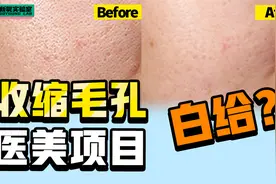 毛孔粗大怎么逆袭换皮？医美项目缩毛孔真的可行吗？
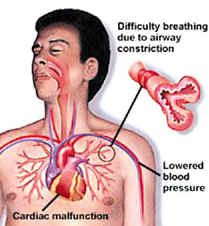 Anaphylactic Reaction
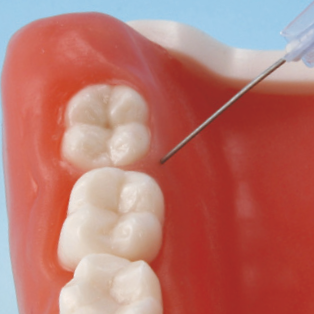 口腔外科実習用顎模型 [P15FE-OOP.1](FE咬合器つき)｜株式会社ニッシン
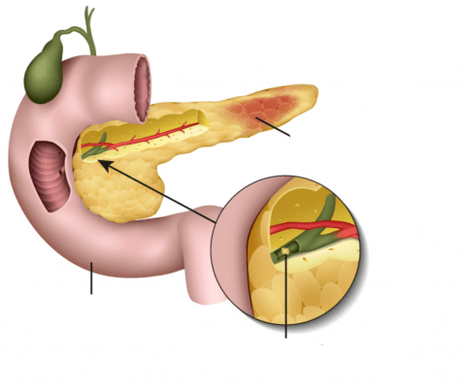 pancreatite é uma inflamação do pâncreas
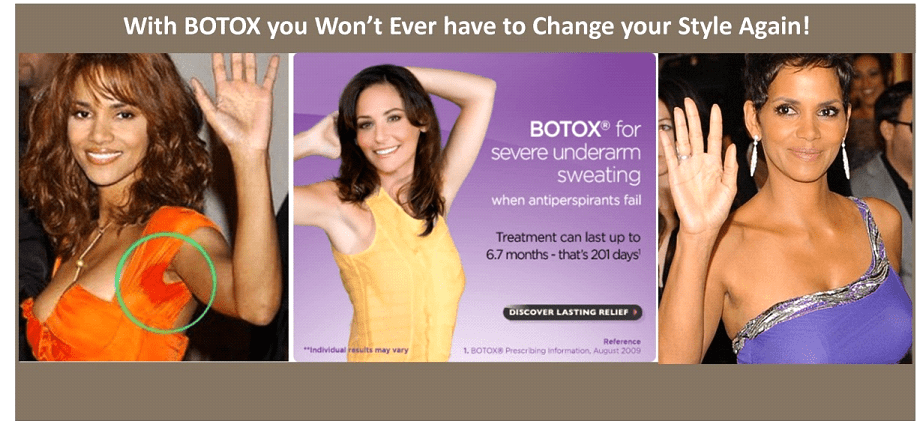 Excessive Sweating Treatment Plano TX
---
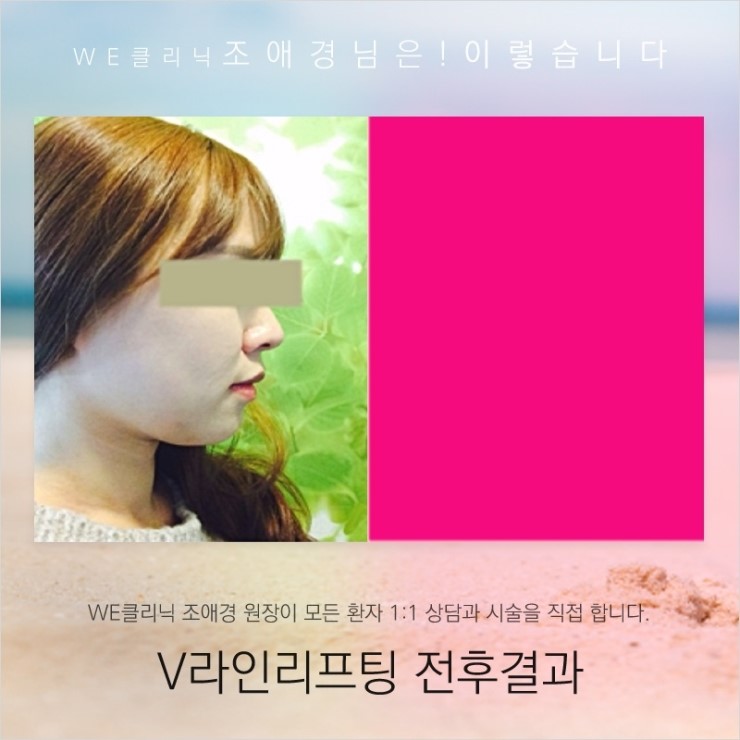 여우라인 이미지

• **Work task**
To complete this exercise, transcribe exactly the lines above from the one that holds "毛孔粗大怎么逆袭换皮？医美项目缩毛孔真的可行吗？" through the one that holds "Excessive Sweating Treatment Plano TX". Pictures stay out.

• **Answer space**
 毛孔粗大怎么逆袭换皮？医美项目缩毛孔真的可行吗？
 Anaphylactic Reaction
 口腔外科実習用顎模型 [P15FE-OOP.1](FE咬合器つき)｜株式会社ニッシン
 pancreatite é uma inflamação do pâncreas
 Excessive Sweating Treatment Plano TX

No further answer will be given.